An increase in extreme heat and severe droughts lops off about 0.2% of a country's GDP. Climate change is also decreasing the number of days that have mild temperatures, which the economists found also hurts economic activity by a similar amount. Although a small percentage, it is a larger weather-driven effect than many economists had previously calculated and adds up to billions of dollars at risk across the global economy.
Akyapi, a professor in the UF Warrington College of Business, collaborated with Matthieu Bellon, Ph.D., at the European Stability Mechanism and Emanuel Massetti, Ph.D., at the International Monetary Fund to perform the analysis, which included billions of weather observations across hundreds of countries over a 40-year stretch. Their findings are forthcoming in the American Economic Journal: Macroeconomics.
Previous studies had primarily looked at average temperatures, which are increasing over time but were not correlated very strongly with economic growth. Average temperatures hide a lot of events that can hurt the economy.

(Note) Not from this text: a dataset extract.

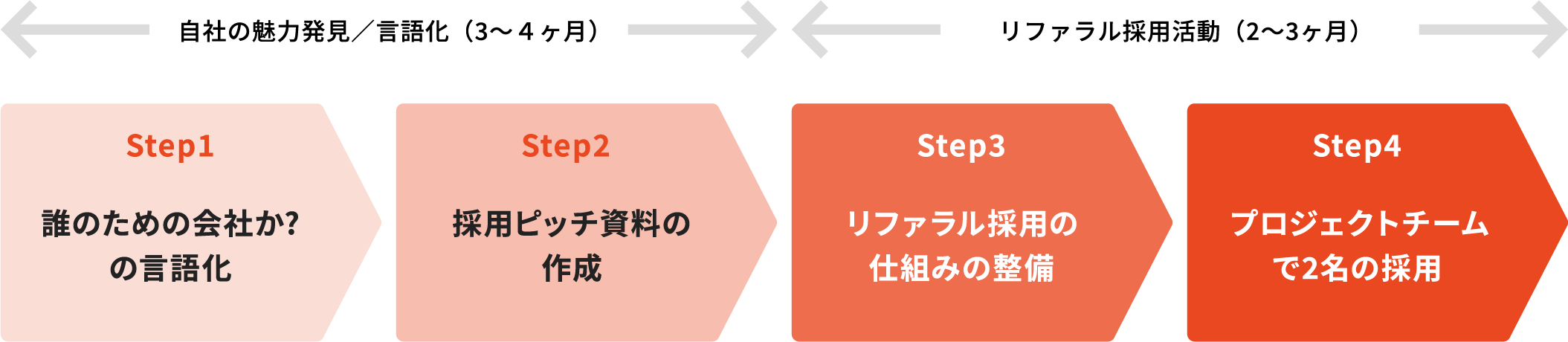 Step1誰のための会社か?の言語化 Step2採用ピッチ資料の作成 Step3リファラル採用の仕組みの整備 Step4プロジェクトチームで2名の採用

"When you take the average temperature across time and space, the weather looks nicer than it actually is," Akyapi said. "But those average readings could hide that you have a heat wave in Florida and a cold snap in Michigan."
Akyapi and his collaborators instead plugged in hundreds of different weather measurements into a machine-learning algorithm to identify which factors correlated with economic growth or contraction.
Countries with agricultural economies fared worse than industrial economies in response to high temperatures – those over 95 degrees Fahrenheit – and droughts. As more countries industrialize, the effects of severe weather may decrease over time, the economists said. Governments tended to respond to these extremeweather events by spending more money, likely on relief efforts, which can also mitigate the economic effect of disasters, but increases a country's debt.
"Weather is still not the main driver of economic growth," Akyapi said. "But the frequency of these weather-related shocks is increasing over time."